--- Input Enclosed Below ---

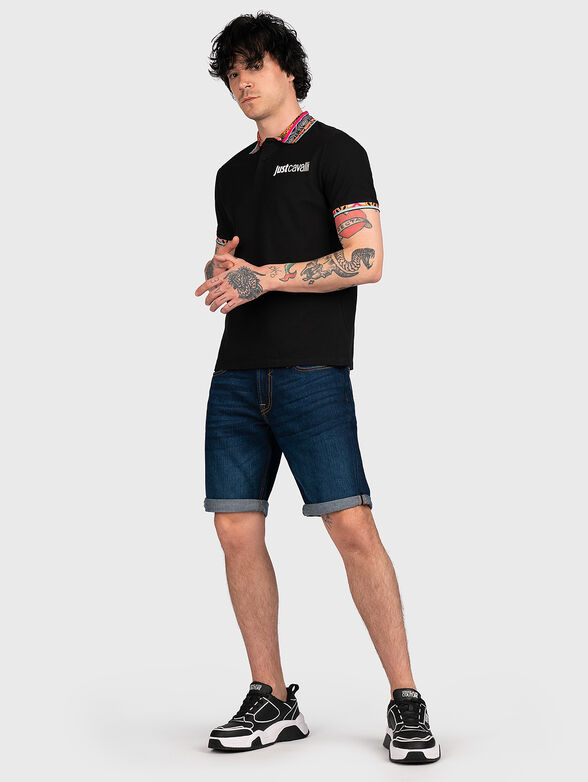 Polo-shirt with contrasting logo lettering - 2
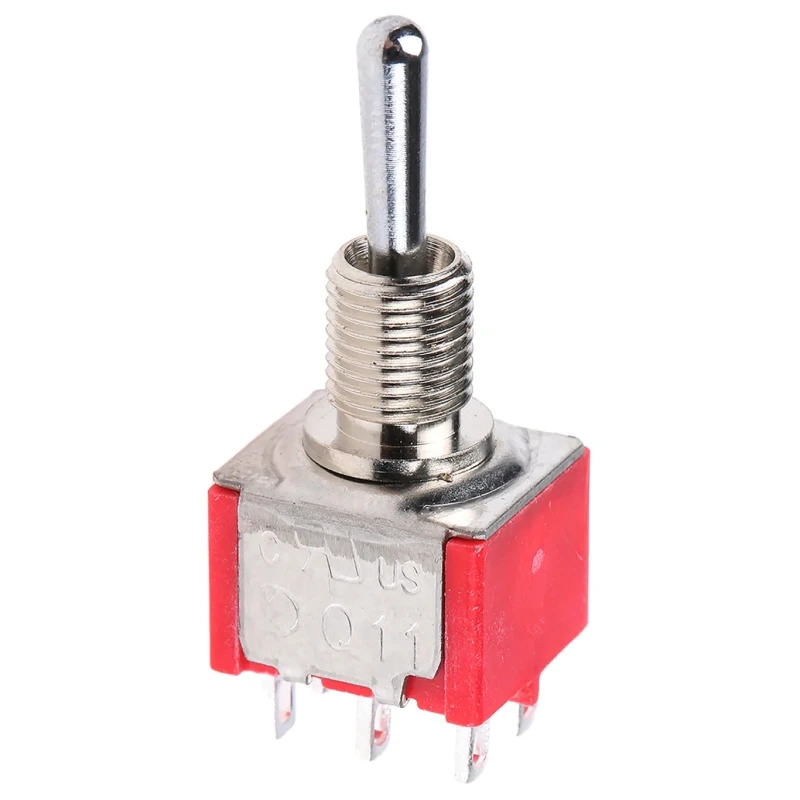 RS PRO Toggle Switch Panel Mount On-On-On DPDT Solder Terminal 26 V dc 112 V ac 734-7050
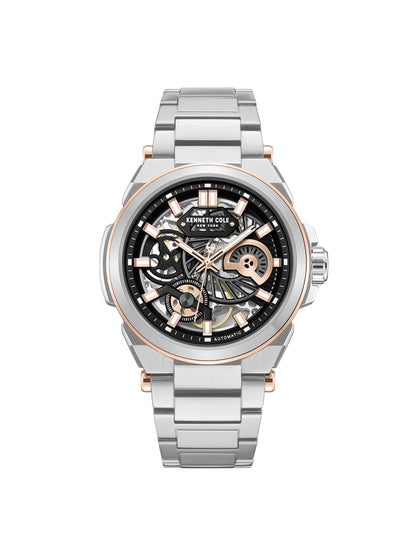 Kenneth Cole Round Black Dial Analog Watch - KCWGY0065605MN
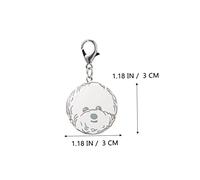Kisangel 3pcs Stainless Steel Dog Id Tags for Pets Lightweight Durable Name Tags with Custom Engraving Creative Puppy Identification Medals for Dogs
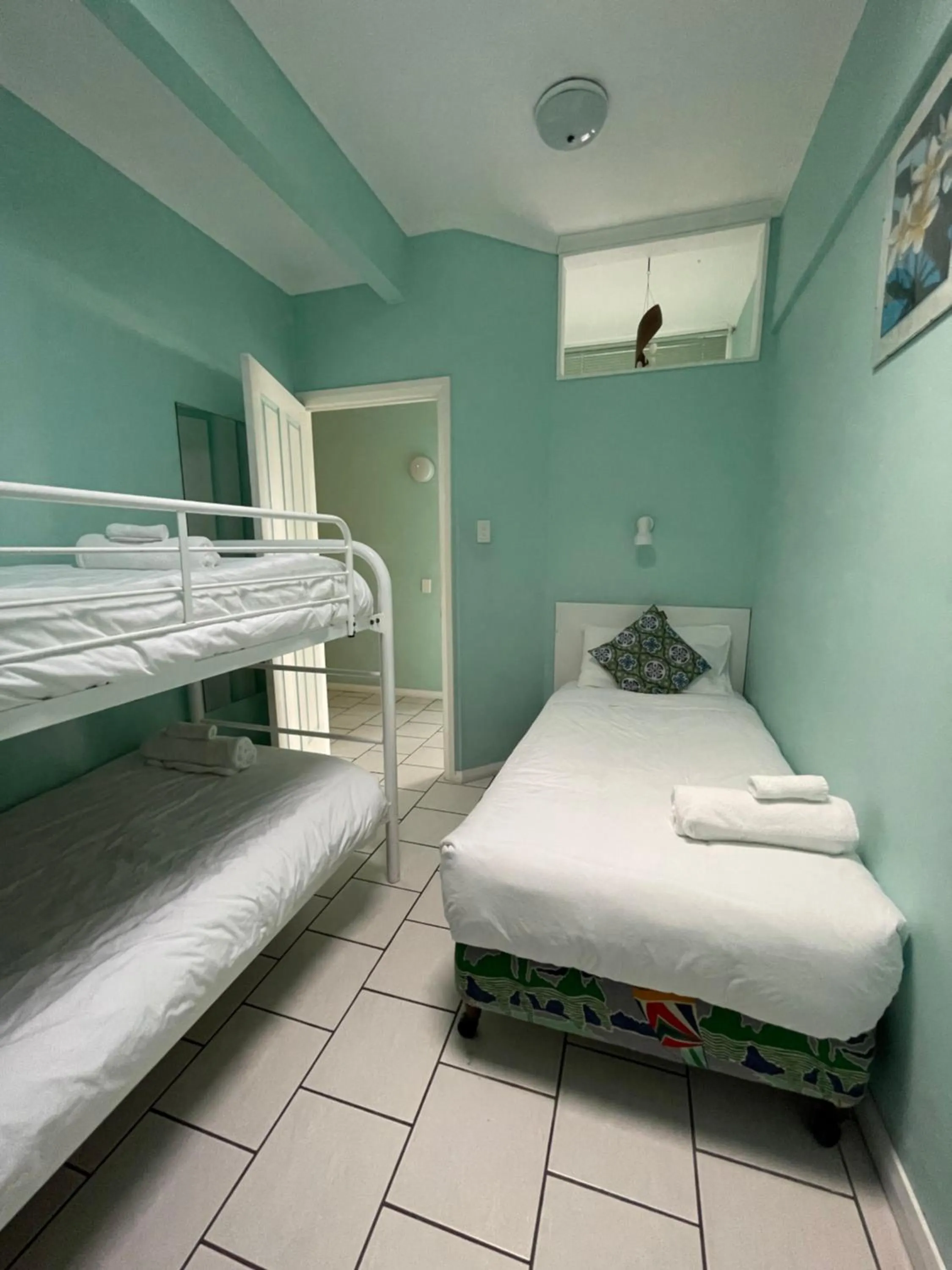 Bed in The Tree Motel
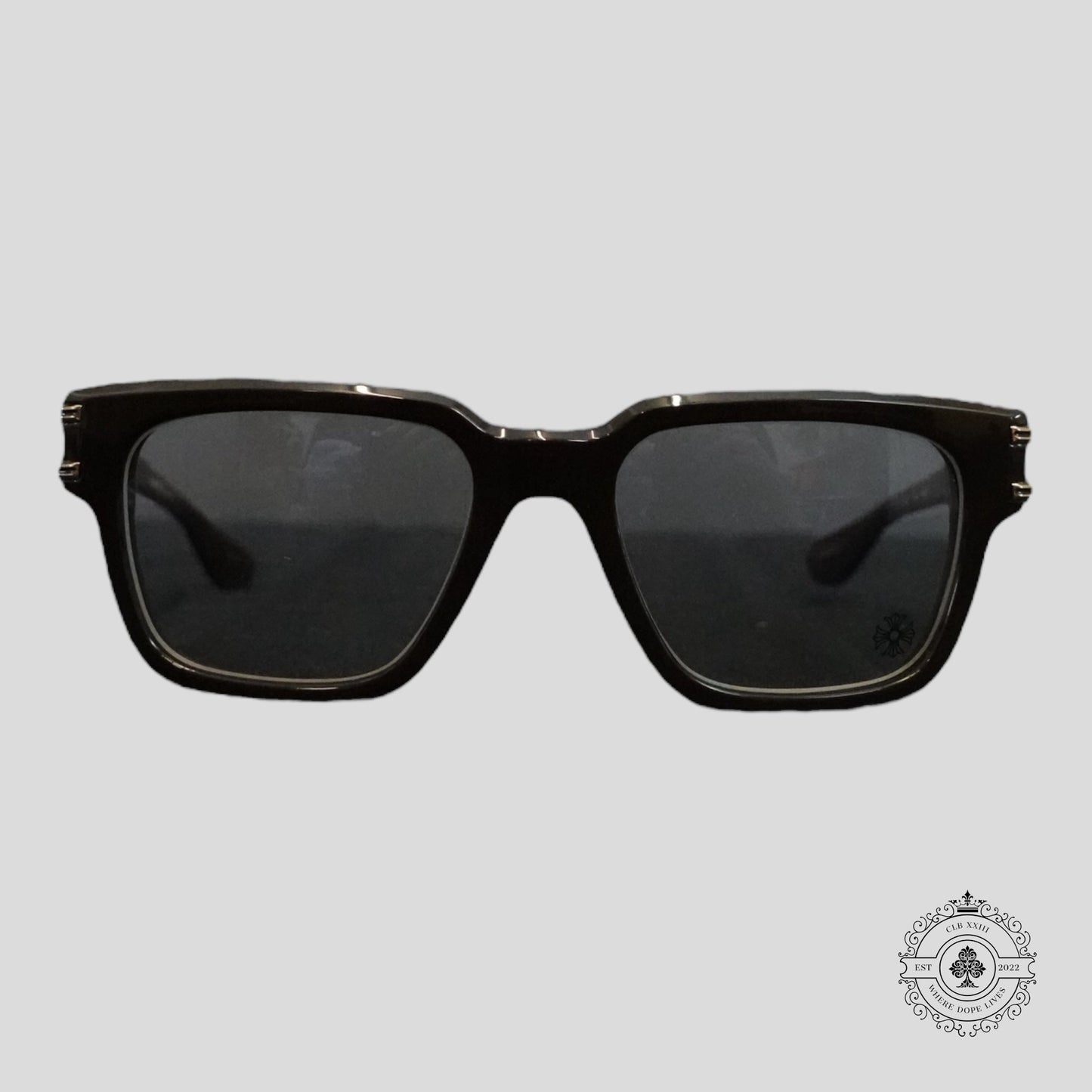 Chrome Hearts Bulge Glasses in Brown/Gold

--- End of Enclosed Input ---

# Aim of the task
Inclusive range, exact copy: the line containing "Kenneth Cole Round" through the last line of the listing. Print nothing else, and no pictures.

# Finished task
 Kenneth Cole Round Black Dial Analog Watch - KCWGY0065605MN
Kisangel 3pcs Stainless Steel Dog Id Tags for Pets Lightweight Durable Name Tags with Custom Engraving Creative Puppy Identification Medals for Dogs
 Bed in The Tree Motel
 Chrome Hearts Bulge Glasses in Brown/Gold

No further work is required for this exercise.